The data section start

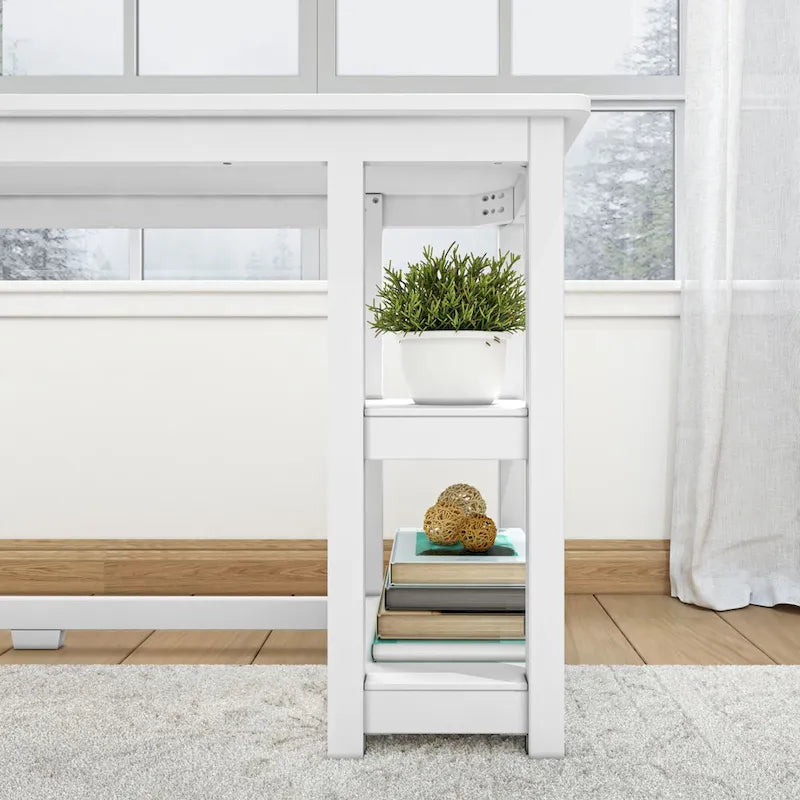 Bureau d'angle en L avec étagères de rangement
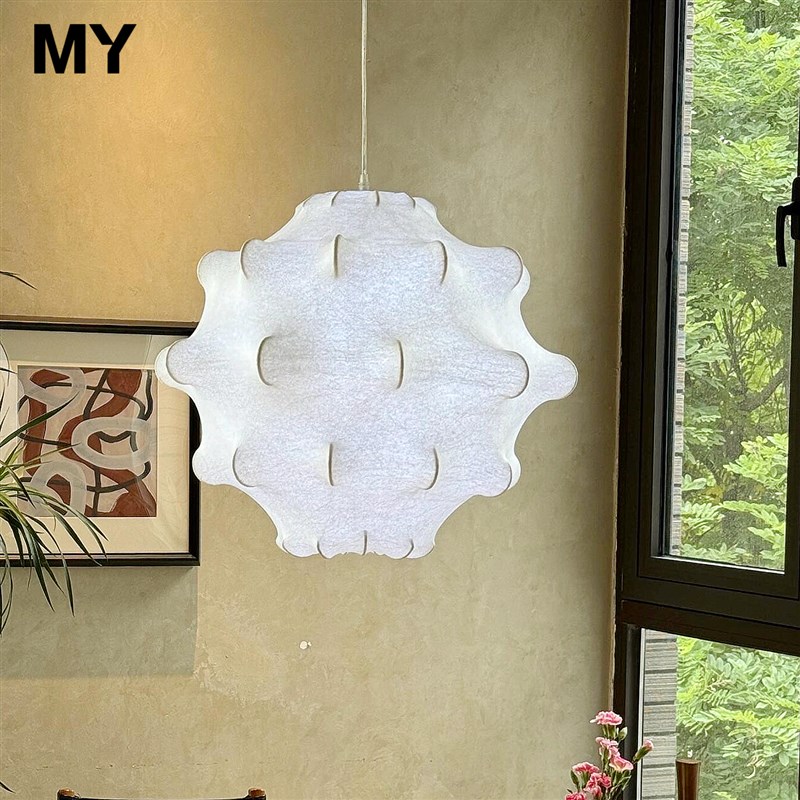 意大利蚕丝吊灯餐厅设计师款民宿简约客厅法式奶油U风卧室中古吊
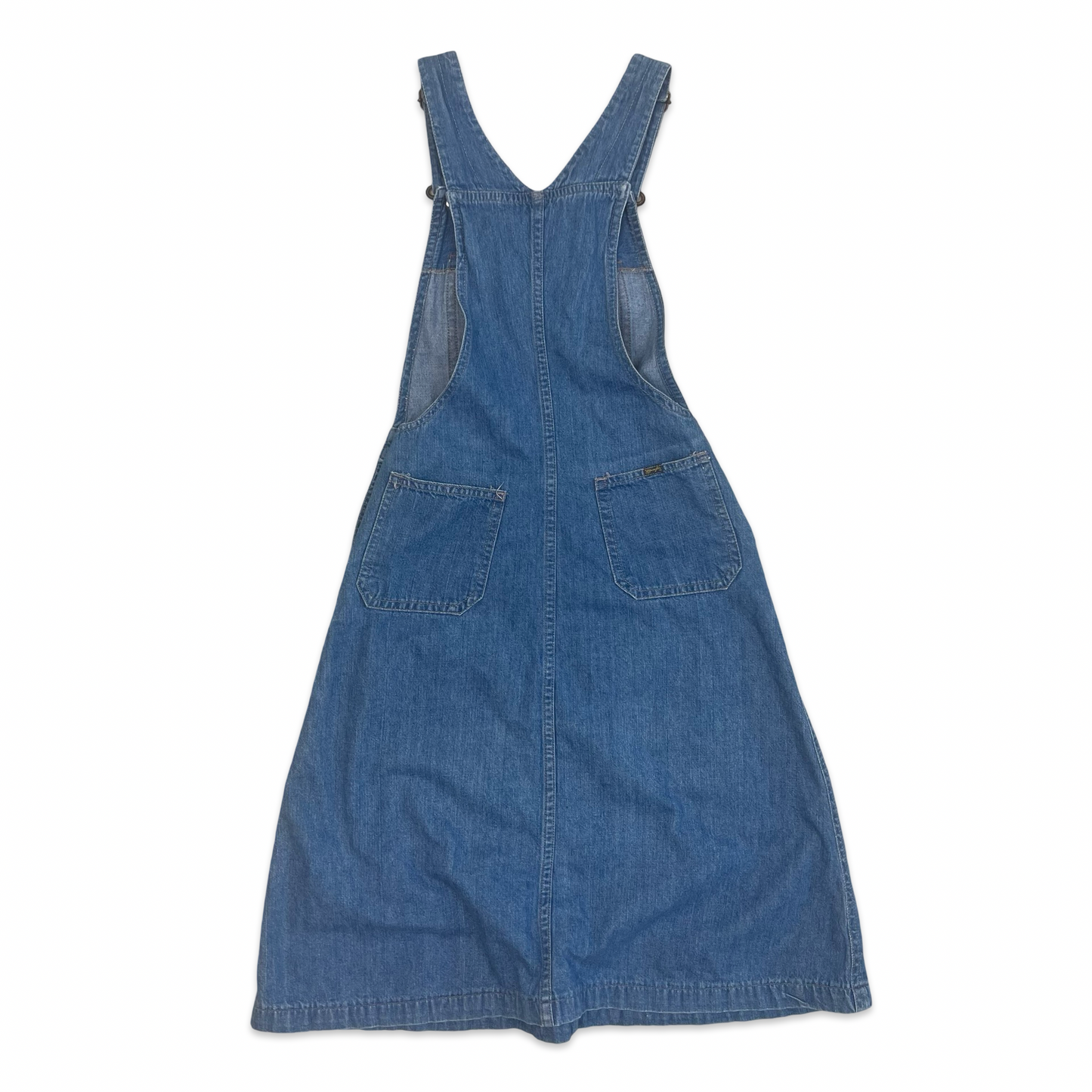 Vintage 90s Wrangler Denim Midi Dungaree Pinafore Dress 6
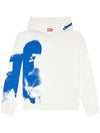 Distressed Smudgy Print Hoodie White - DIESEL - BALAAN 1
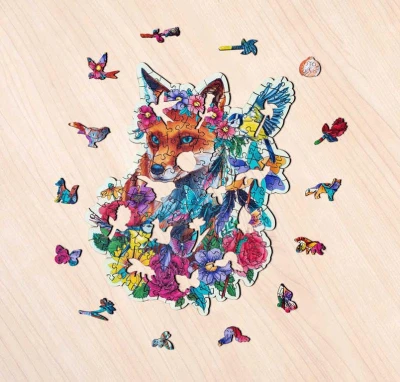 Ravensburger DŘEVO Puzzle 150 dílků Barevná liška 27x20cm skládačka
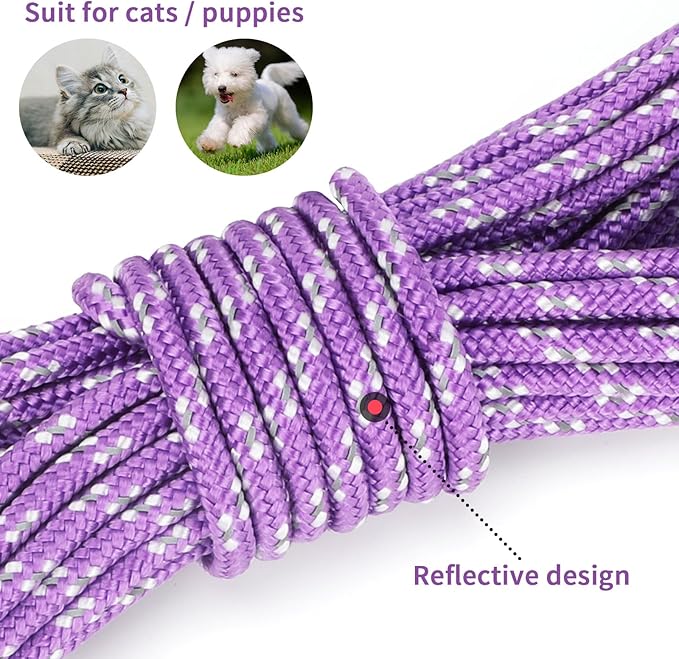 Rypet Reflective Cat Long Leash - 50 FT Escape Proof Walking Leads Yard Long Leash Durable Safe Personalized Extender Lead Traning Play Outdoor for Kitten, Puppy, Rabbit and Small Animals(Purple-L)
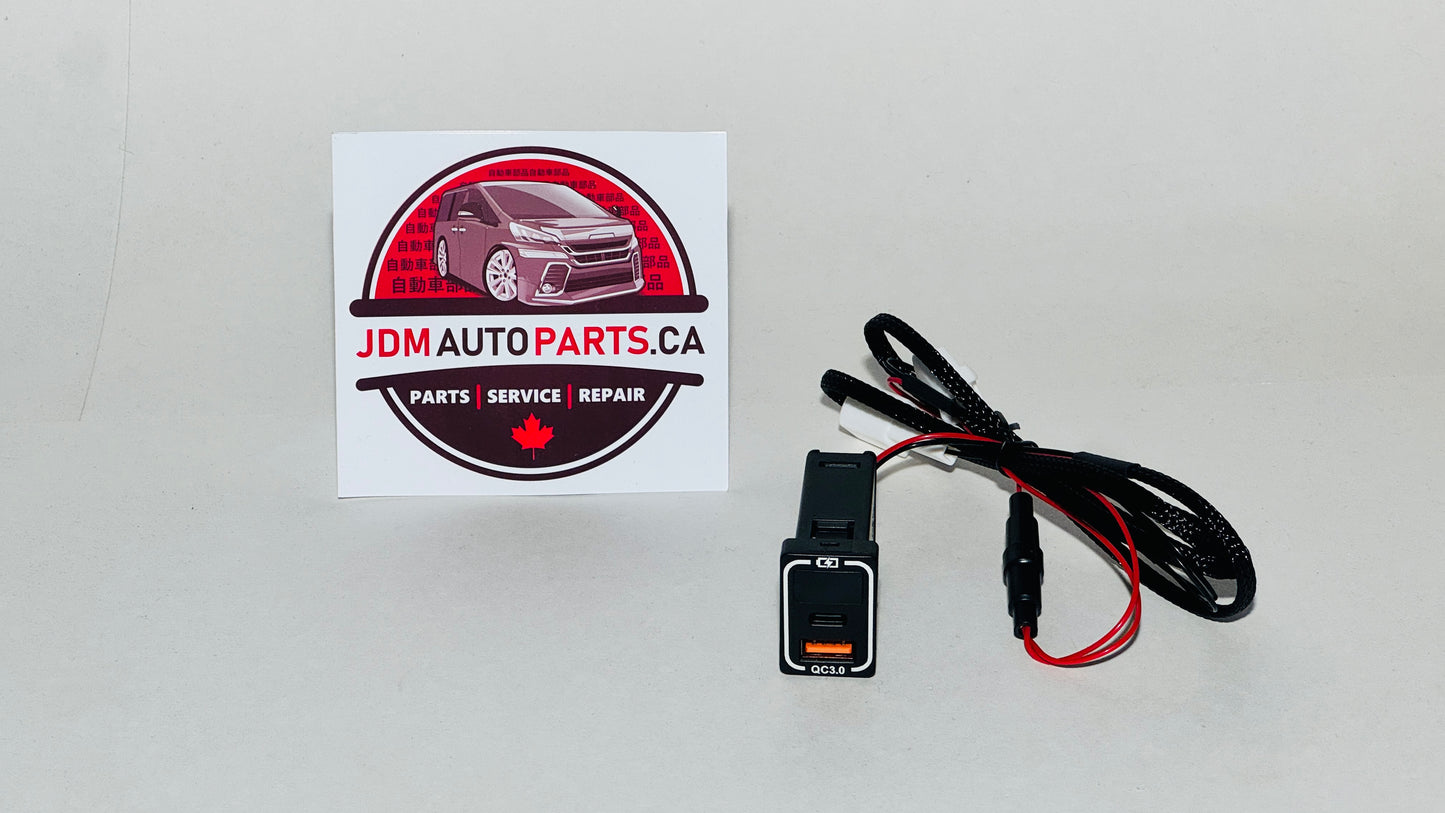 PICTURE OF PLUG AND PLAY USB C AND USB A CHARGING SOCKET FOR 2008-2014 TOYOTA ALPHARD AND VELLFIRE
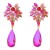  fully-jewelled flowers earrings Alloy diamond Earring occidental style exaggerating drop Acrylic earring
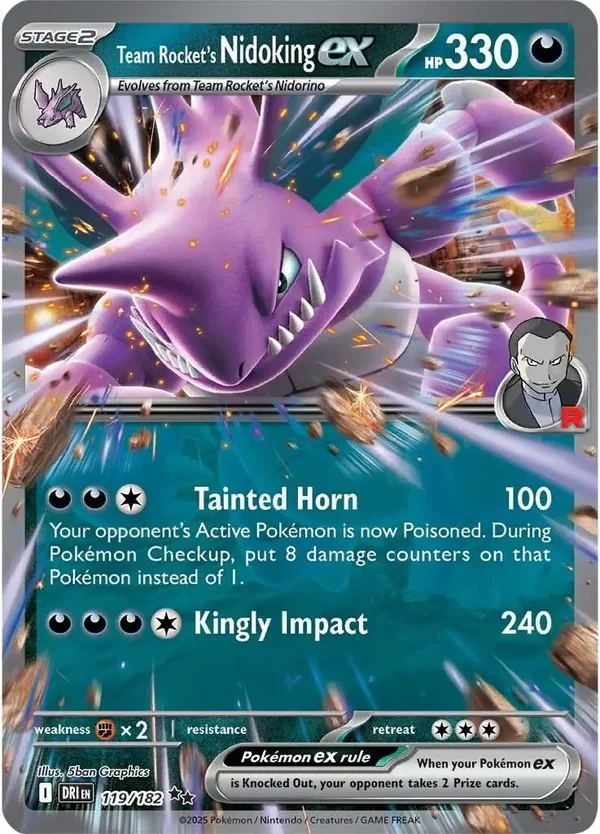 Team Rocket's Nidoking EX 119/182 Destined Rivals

The data section end

### Problem
Make an exact copy of the lines above, beginning with the line with "Distressed Smudgy Print" and ending with the line with "Rypet Reflective Cat", and keep the pictures out of it.

### Answer to the exercise
 Distressed Smudgy Print Hoodie White - DIESEL - BALAAN 1
 Ravensburger DŘEVO Puzzle 150 dílků Barevná liška 27x20cm skládačka
 Rypet Reflective Cat Long Leash - 50 FT Escape Proof Walking Leads Yard Long Leash Durable Safe Personalized Extender Lead Traning Play Outdoor for Kitten, Puppy, Rabbit and Small Animals(Purple-L)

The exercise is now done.